Quatrième partie de notre Petit traité de survie au confinement
Maintenant que vous avez identifié vos besoins et compris vos émotions, autant travailler l’élégance relationnelle pour parvenir à en parler avec votre entourage confiné sans le passer à la moulinette de votre exaspération, les aplatir sous votre angoisse ou les étouffer de votre lassitude et en retour, pouvoir accueillir les leurs avec bienveillance et humanité. Voyons voir comment se parler aimablement en confinement!
Avan-propos : ce billet s’adresse à ceux et celles qui ont des relations avec des hauts et des bas du domaine de la normalité. Pour ceux qui subissent des violences familiales ou conjugales, il y a le 3919 ou La plateforme Arretons les violences
Baissons les armes !
En vertu de la loi de Murphy, en période d’emmerdements maximum, tout ce qui peut aller mal ira mal. Y compris nos relations! Pourtant le confinement n’est pas exactement le moment pour les accrochages intempestifs, les joutes verbales, les conflits de valeurs, les explications houleuses, les redressements de torts ou les bons conseils sur ce qu’on doit penser et ressentir. Il est déjà assez agaçant, angoissant ou fatigant d’être coincés chez soi, éloignés d’une part des gens qu’on aime et des choses qu’on aime faire, sans avoir en plus à se farcir des tensions au sein d’un foyer qu’on rêve fait de calme et volupté.

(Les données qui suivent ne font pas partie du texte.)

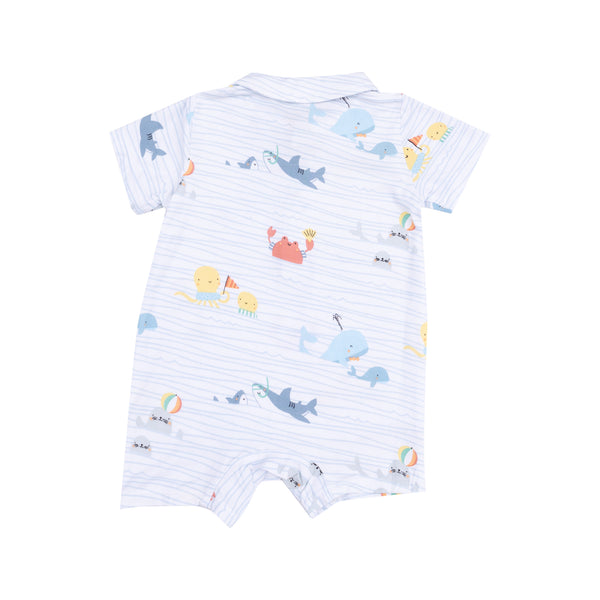 Sea Stripes Polo Romper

Baissons donc les armes et acceptons qu’il vaut mieux quelques semaines de trêve plutôt que de se voler dans les plumes quand on se retrouve cloîtré avec d’autres bipèdes. Et ça ne vaut pas que pour les questions des escarmouches de la guerre de 100 ans des familles dysfonctionnelles. Ça vaut aussi pour les jeux de pouvoir, les petites manipulations, l’agressivité larvée qu’on peut retrouver dans plein d’interactions parfaitement ordinaires, à la maison autant qu’à distance avec les collègues.
Tout ça ne veut pas dire qu’on n’a pas le droit d’être à bout ou même juste un poil en émoi face aux difficultés de la cohabitation étendue. Bien au contraire. Seulement, nous ne sommes pas obligés de l’exprimer en mode tractopelle ou en disciple de Jérémie. Même si l’on sait que les engueulades familiales permettent parfois de résoudre des problèmes qui se sont murés dans le non-dit, peut-être que nous pouvons profiter du confinement pour apprendre à faire autrement, éviter les cocottes-minute, les vases qui débordent, les pailles qui cassent le dos du chameau et ce qui nous fait sortir de nos gonds et expérimenter des alternatives qui permettent de mieux se connaître, de mieux se comprendre et pourquoi pas, de mieux interagir, au bénéfice d’un traité de paix plus durable.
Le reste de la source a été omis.